The conference itself started off with a bang for me because I was a member of the very first panel on Thursday afternoon: IN THE NICK OF TIME: HOW DO YOU GET YOUR PROTAGONIST IN AND OUT OF DANGER?  I shared this panel with four other terrific writers. Camille Minichino (who has several series in play including one where her sleuth is a mathematics professor), Keith Raffel (who writes action thrillers), Audrey Braun (who writes a series with a woman who's husband abandoned her in the jungle) and Robert O'Hanneson (who wrote the coolest mystery set in a carnival).  My fellow panelists were witty, charming, gracious and the time sped by like a dream.
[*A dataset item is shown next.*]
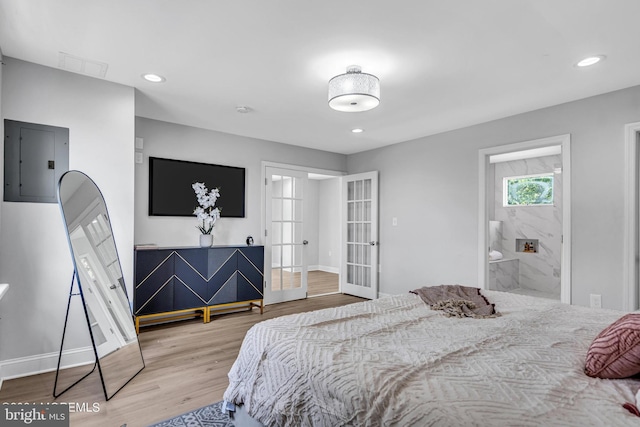 bedroom featuring french doors, connected bathroom, electric panel, and light hardwood / wood-style flooring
Afterwards, our moderator, Mars Preston ushered us down to the bookstore for a signing where I got to meet a legion of mystery readers.  Let me say this right up front, I love, love, love mystery readers.  They know so much and ask so many questions.  Truth was I didn't know all of the headline authors, and they schooled me so I wouldn't look like an ignoramus.  The signing was a kick in the butt, and I made some friends for life, including a wonderful couple from Highlands Ranch, Colorado with whom I plan to have lunch with in the near future.

I've never been into crafting mysteries, so I attended a panel titled Killer Crafts.  Out very own Maggie Sefton was on this panel, and I was enchanted by sleuths who built dollhouses, knitted, and quilted.

I'm going to mention the silent auction because I spent a lot of time there and the folks who were running this show gave me a lot of pointers for next year.  That's right, next year yours truly is running both the silent and the not-so-silent auction.  I also learned how to spell tchotches.

I won't go into all the panels I attended but I will give a list of them:

Tea and a Cozy - delightful panel and I met some wonderful female writers.

The Killer Thriller panel - this had one of the big guns of the weekend, James Rollins

All in the Name of Research - Twiss Phelan moderated this panel which was a hoot.

Laugh Yourself to Death - need I say more?

Pre-twentieth Century History - one of my favorite authors, Ann Parker was on this one and it was great.

20th Century History Mysteries - Another great one.

Sex in Mysteries - Again, need I say more?

One of the coolest things I got to do was take a walking tour of Old Sacramento along the Sacramento River.  All along the tour, ghosts would appear and tell us tales of how they died.  In fact, our guide for the tour was a ghost.  One confused specter, who died when the floor of an opera house collapsed, kept asking us if we'd seen her equally dead husband.  I had to tell the poor woman I hadn't and she wandered off down the street. We learned that the city had been totally destroyed twice - once with fire and once with flood.  Very cool stuff.

One mistake I did make was to drive to the conference.  Does the wind blow constantly in Wyoming?

Anyway, one last bit of info.  Left Coast Crime 2013 will be in Colorado Springs next year.  Is that cool or what?!!